The NHMRC has been a great supporter of Trounson over many years, particularly via the Monash Institute of Reproduction and Development. The NHMRC chair is a member of the institute's management board, which received $4.26 million in an NHMRC partnership grant to work on embryo cells from Singapore. The intellectual property from the Monash Institute of Reproduction and Development has been assigned to the majority foreign owned ES Cell International.

Another member of the MIRD management advisory board is Charles Curwen, who was responsible for the fundraising campaign that brought in a major donor in HIH through Ray Williams, who received an honorary doctorate of law from Monash. Williams was an advisory board member of MIRD. Curwen was similarly honoured with a Monash honorary doctorate. He is also a director and shareholder of Maccine Pty Ltd, Trounson's monkey-cloning company.

While millions of dollars are being spent funding the commercial goals of some well-connected investor scientists, what has happened to grant proposals with genuine public health outcomes that have missed out year after year? No wonder scientists leave in frustration and feel intimidated about speaking out lest their funding suffers as a result. The Monash group know how to look after their own.

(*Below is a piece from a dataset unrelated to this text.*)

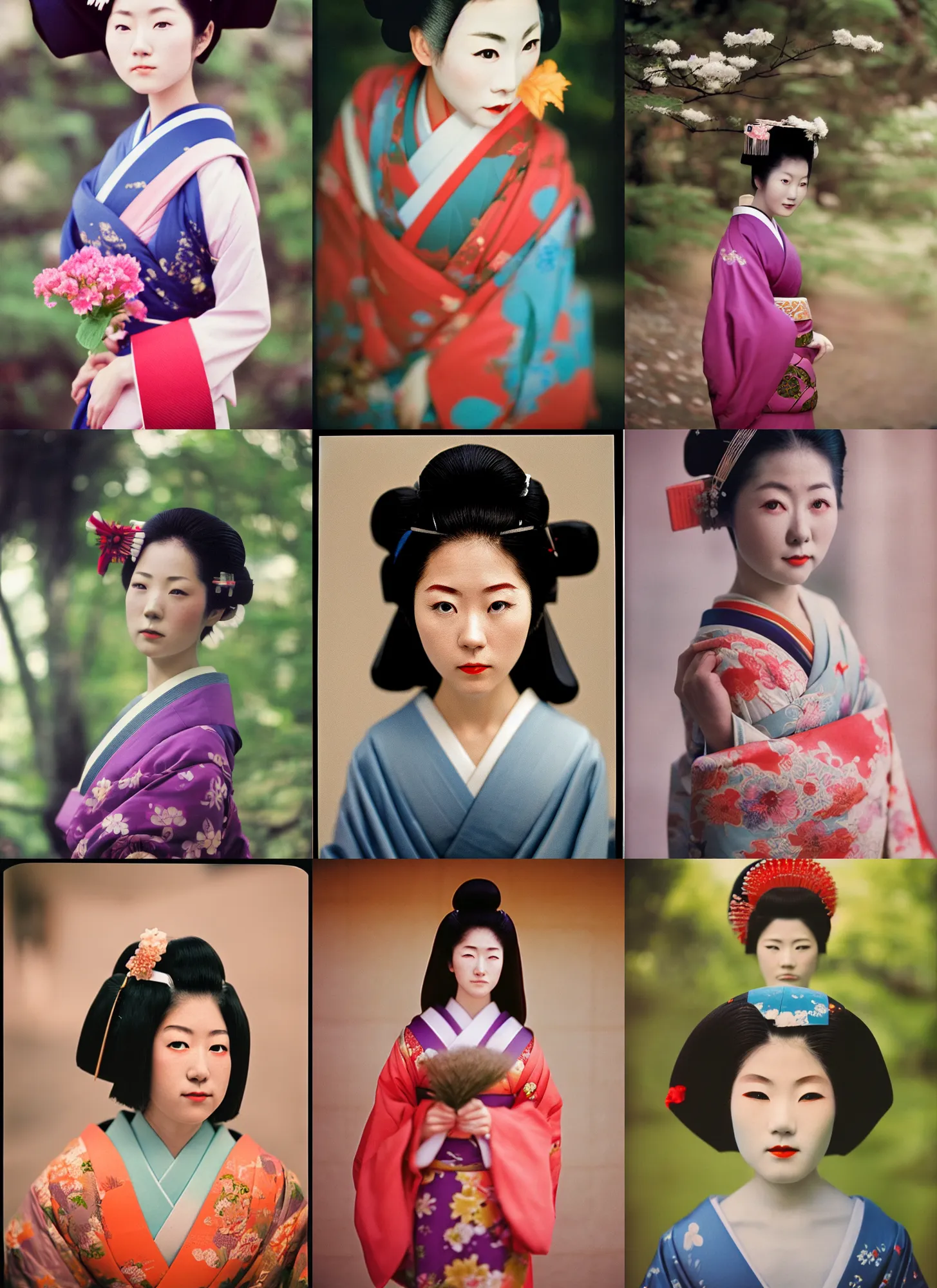 Prompt: Portrait Photograph of a Japanese Geisha Fujichrome Provia 100F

Alan Trounson must be one of the most prolific grantees in Australian history, with a haul of over $97 million. If we pass this bill we will give Trounson's commercial partner, ES Cell International, carte blanche to do what they like with Aussie embryo products once they leave our shores. There is nothing in this bill to stop or regulate exports. Stem cell lines can go overseas and be used in cloning of animals and in human mixed experiments. They will also be used for drug screening. Trounsons's application for the $46.5 million said:

The Centre will be developing pure populations of cells from its internal and external R&D activities and plans to be primarily a supplier to screening companies on a non-exclusive basis for drug screening of selected cell types on a fee for service or a licence basis.

We are being asked to underwrite the intellectual property portfolio of a foreign company dealing in embryo product, cloned or otherwise. Not only that, but we are being asked to put our faith in the promises of one who has failed time and time again to speak true to us right here in this building. This is not a conscience vote on where life begins. This bill is properly a conscience vote on where political responsibility ends.